Nous sommes arrivés à Savannah sous une petite bruine, bien différente de la forte pluie persistante de Charleston. Lorsque nous avions fait part à nos amis américains de notre projet d’aller à Charleston, ils nous avaient conseillé d’aller aussi à Savannah. Cela semble être en effet le duo gagnant des vacances express des Américains quand ils s’autorisent à prendre une semaine loin du travail.

Dans mon esprit, nous allions donc visiter deux sœurs jumelles. Effectivement, certes situées dans deux Etats différents, ces deux villes partagent un passé similaire de villes côtières esclavagistes.

Toutefois, la ville de Savannah nous a paru plus riche historiquement et culturellement. Cela ne veut absolument pas dire que Charleston a tout à envier à sa cousine du Sud mais que Savannah rend peut-être plus accessible son histoire.

Donc autant l’écrire dès maintenant, nous avons été beaucoup plus conquis par Savannah que par Charleston. Nous avons aussi pu discuter avec des habitants de la ville, ce que nous n’avions pas eu l’occasion de faire à Charleston – et cela modifie beaucoup l’expérience.

Notre hôtel était en centre-ville à quelques pas de la Mairie, de rues commerçantes piétonnes et du fleuve Savannah. Comme nous le faisons presque systématiquement, quand nous sommes en goguette en dehors de New-York, notre première journée est consacrée à découvrir la ville au gré de déambulations improvisées. Nos pas nous mènent tout d’abord au campus historique de SCAD – le Savannah College of Art and Design, Ecole d’art plutôt réputée fondée en 1978 et qui a des bâtiments dans toute la ville.

On passe par de petites ruelles pittoresques bordées de maisons au style tantôt fédéral tantôt Greek revival. Des parcs essaiment au cœur de la ville et sont parfois mitoyens de cimetières.

J’ai à l’esprit les descriptions de la ville de John Berendt où des personnages hauts en couleurs évoluent dans une Savannah encore un peu ensommeillée, à l’ombre des grands arbres aux branches chargées de fleurs aux saveurs sucrées.

La ville est organisée selon un plan simple autour de places carrées. Ce plan est la concrétisation de la vision d’Oglethorpe – militaire britannique fondateur de la colonie de Géorgie. A l’origine, Oglethorpe avait une vision de Savannah assez modeste car il pensait que les grandes villes ne provoquaient que de gros problèmes. Ses plans organisaient la ville autour de quatre places carrées et arborées. Les rues de la ville s’étendent de chaque côté des places selon un quadrillage strict.  La seule place encore bordée des maisons historiques originales est la place Calhoun, du nom du vice-président d’Andrew Jackson (fervent défenseur de l’esclavage et avocat déterminé de la déportation des Premières Nations au-delà du Mississippi). Cette place est construite sur une fosse commune où gisent des centaines d’esclaves.

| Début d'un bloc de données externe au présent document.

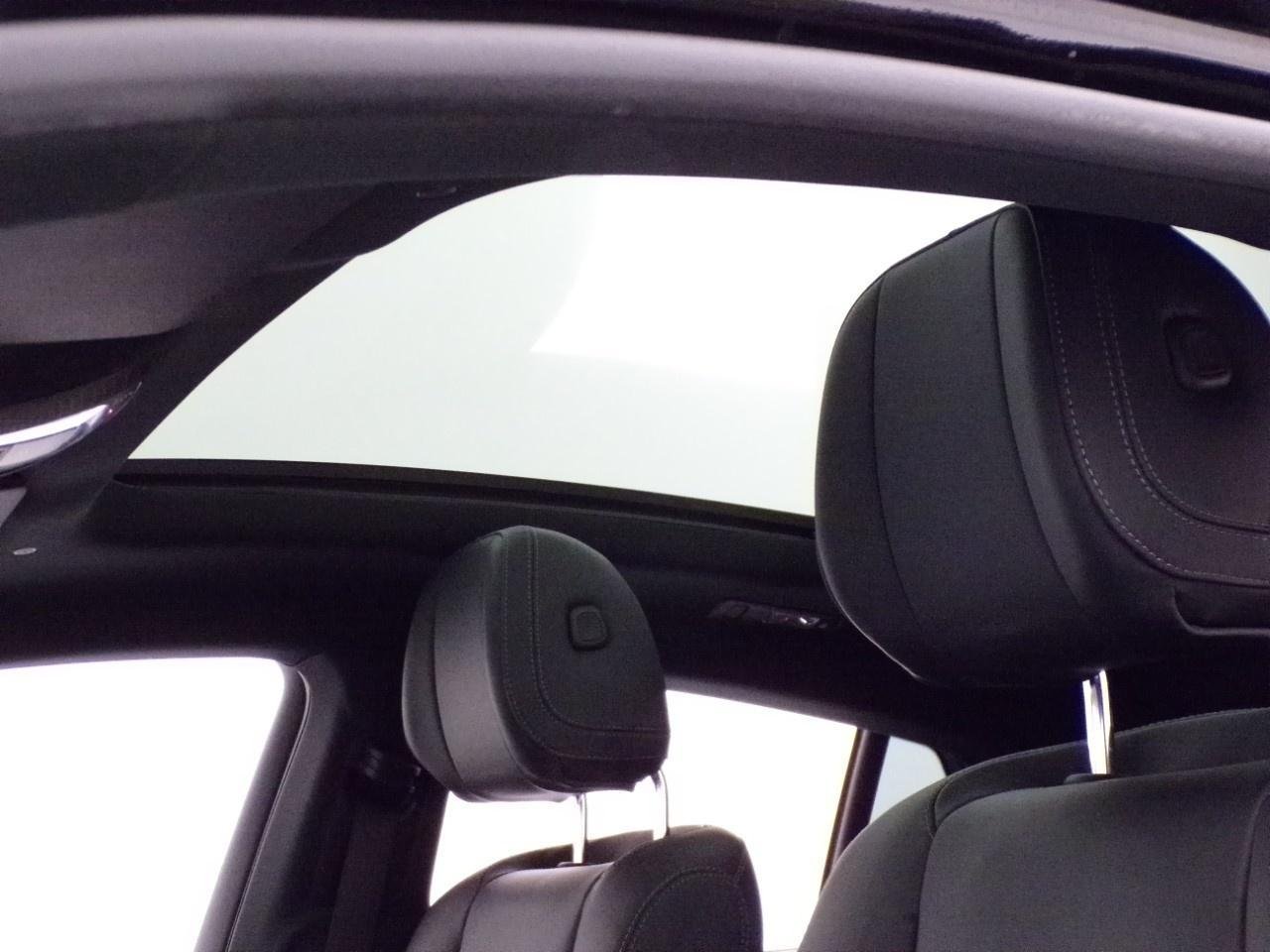 GLE AMG 53 AMG Line Premium Plus 4matic+ auto - Certified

Fun Fact : Oglethorpe avait banni les avocats de la colonie de Savannah à cause de problèmes légaux personnels.

Aujourd’hui, Savannah compte 22 places carrées et la ville s’est étendue selon le plan imaginé par Oglethorpe. Toutes sont uniques et très belles, ourlées d’arbres gigantesques, ornées de statues ou de fontaines. Certaines résonnent parfois de notes de saxophone pour le plus grand bonheur de Demi-Portion et de Numéro Bis.

Nous aimons beaucoup la promenade au bord du fleuve Savannah où nous croisons des musiciens de rue, quelques touristes à la recherche d’un endroit où se restaurer face à des bateaux à roues d’un autre temps. En remontant vers la Mairie, nous croisons des canons flanqués des armes françaises et d’un hommage au roi Soleil. Troublante rencontre dans un Savannah de 2021.

L’Histoire est présente partout dans les rues, au détour d’une place, sur les façades des maisons, au coin d’une église. Nous nous arrêtons pour visiter la cathédrale St-Jean-Baptiste. Son architecture gothique et l’aveuglante blancheur de ses murs rompent radicalement avec la modestie des habitations alentour et avec l’ombre moelleuse offerte par les vénérables chênes de la place adjacente – Lafayette Square.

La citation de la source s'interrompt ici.